The portal vendor provided a list of ports that needed to be opened for proper operation. Because this was an intermittent problem, I felt sure that the necessary ports were not blocked. If there was such a block, there would be no access at all from off-site. For completeness, I checked the configuration of all intermediate devices, including firewalls, routers and traffic managers, verifying that none of the ports was blocked.

At this point, I was fairly convinced that it was either an application issue or that another port needed access that the vendor had either omitted or was not aware of. I used IPTraf to determine which ports were being accessed on the portal server from within the network (in other words, on a known working connection). The vendor port list was correct.

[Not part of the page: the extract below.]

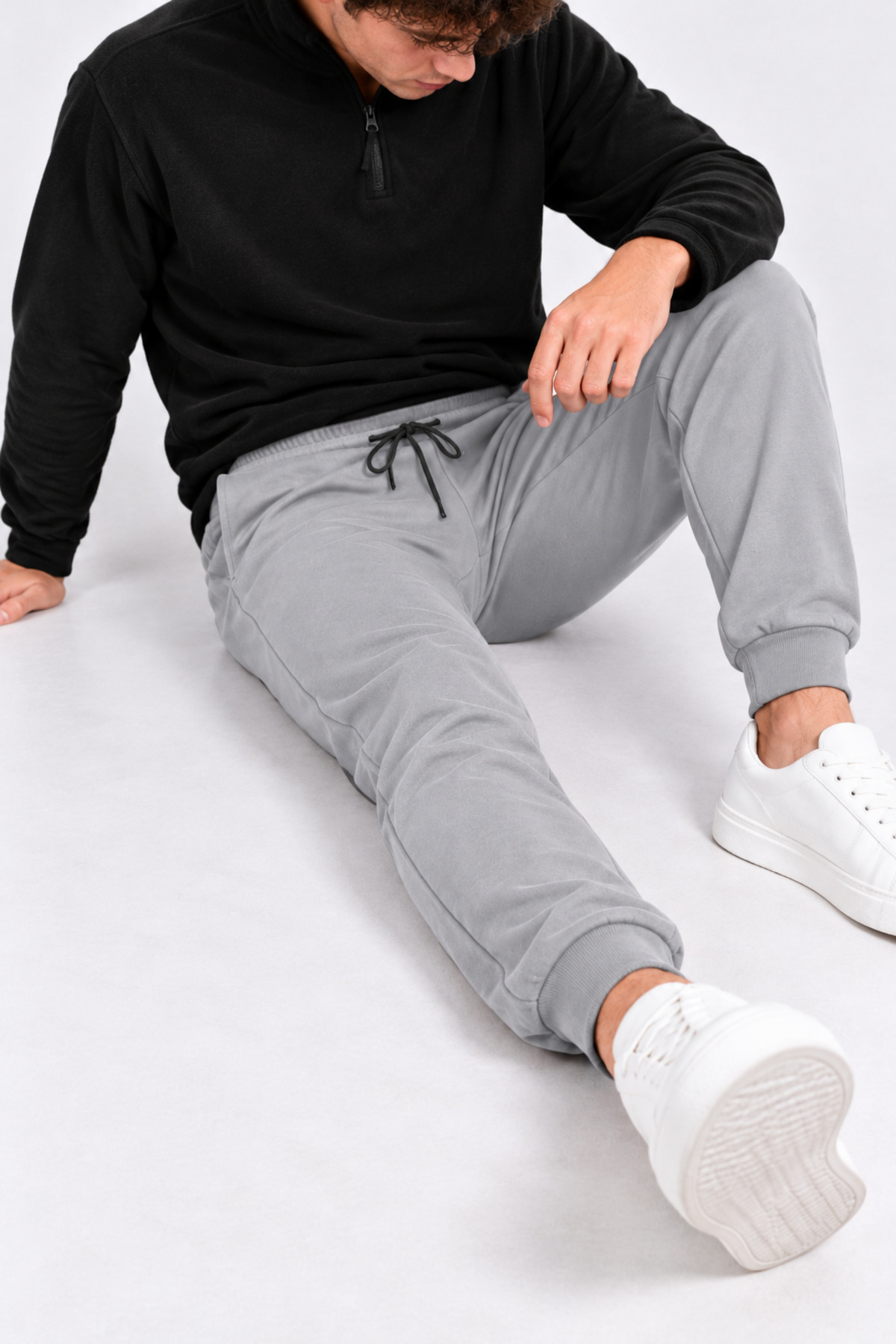 Erkek Lastikli Jogger Gri Eşofman Altı 3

A traffic manager was used to manage the company's Internet bandwidth. I created a rule on the traffic manager to classify all packets to the portal's server in an attempt to see if perhaps the traffic manager was misclassifying an application. After a short time, the applications were registering correctly: HTTP and SSL. I removed the classification and turned my attention to the firewall.

Sometimes, firewalls have connection timeout rules that can block applications after a period of inactivity. However, the logs of the firewalls involved revealed no such blocks.

I then used tcpdump at the firewall to analyze traffic at the network edge. From that trace, it was apparent that some clients were not sending a PUSH packet to open the necessary portal application. This pointed to a client issue.